I took my 7/8th scale Ruby conversion SD Warren out for a spin today. Also note the new 7/8th scale covered bridge which should fit the largest equipment.

We had about 8" of nice powdery snow on Wednesday which I swept of the tracks with an O-fficial WW&F switch broom. the stiff bristles did a great job...especially on the scale switches! two brooms had been damaged when clearing the wet heavy snow for the Victorian Christmas trains in December...I fixed the brooms then put one to use!

http://youtu.be/h1mrXKVqzlY


----------



## deltatrains (Nov 25, 2010)

*Another beautiful snow scene video. Thanks for posting and sharing it with us in the greenbelt west coast.

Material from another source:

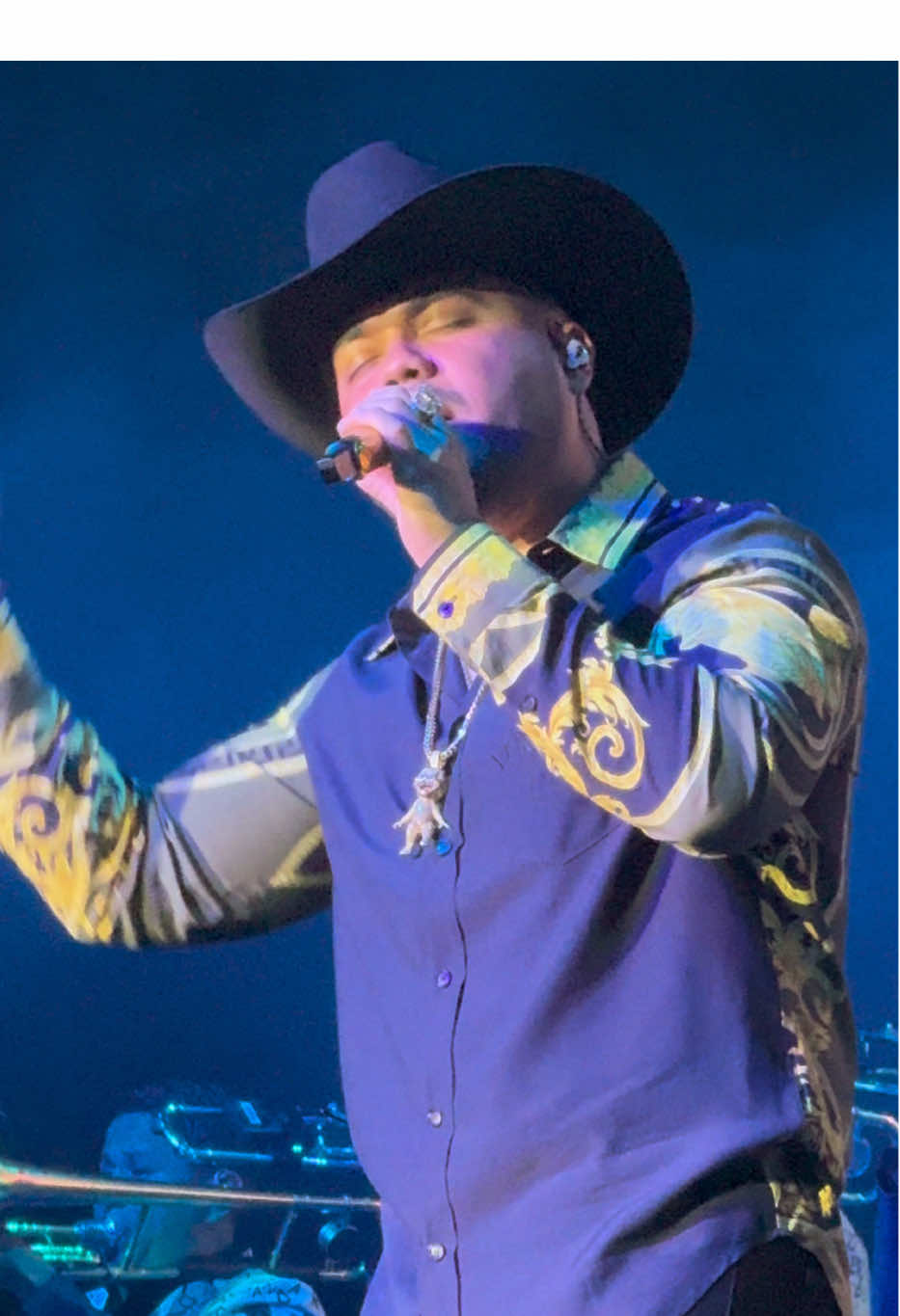 Te felicito 👌🏼🍺  #tefelicito #gerardocoronel #eljerry #gerardocoroneleljerry🎤🎼 #lasvegas #fyp #paratii #mexicantiktok #latinostiktok 
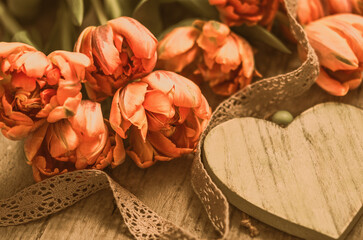 Dekoration mit Herz Tulpen und Spitzenband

Although we did get some polar frigid temps recently maybe the first rains will come down as flakes...but it might be too heavy and wet snow for us. All the best, Peter.*


----------



## placitassteam (Jan 2, 2008)

Your Ruby looks great as a 7/8 loco. I admire you guys that run in the snow. I seem to be pretty much a fair weather operator and spend my winters in the shop or skiing.


----------



## Amber (Jul 29, 2011)

Fun video! I like the new bridge, it looks good.


----------



## Naptowneng (Jun 14, 2010)

Nice run Eric. Love your low angles and background. Snow has melted here in Maryland. 

Jerry


----------



## livesteam53 (Jan 4, 2008)

Real nice cold temps, snow and live steam. 
Great and thanks for posting.


----------



## snowshoe (Jan 2, 2008)

Another great one. Love that Sd Warren. Looks great in the snow.


----------



## Dave Meashey (Jan 2, 2008)

Eric;

Great video. Loved the plumes of steam leaking through the vents in the covered bridge. I sure hope that the employee who left the baggage door open on the combine gets some demerits for negligence.

Best,
David Meashey


----------



## Phippsburg Eric (Jan 10, 2008)

Thanks David! Well the conductor doesnt get demerits it would be the shop crew who haven't yet installed the doors or even seats


----------



## Phippsburg Eric (Jan 10, 2008)

testing to see how photos are inserted


----------



## Dave Meashey (Jan 2, 2008)

Purdimous!!!

Thanks,
David Meashey


----------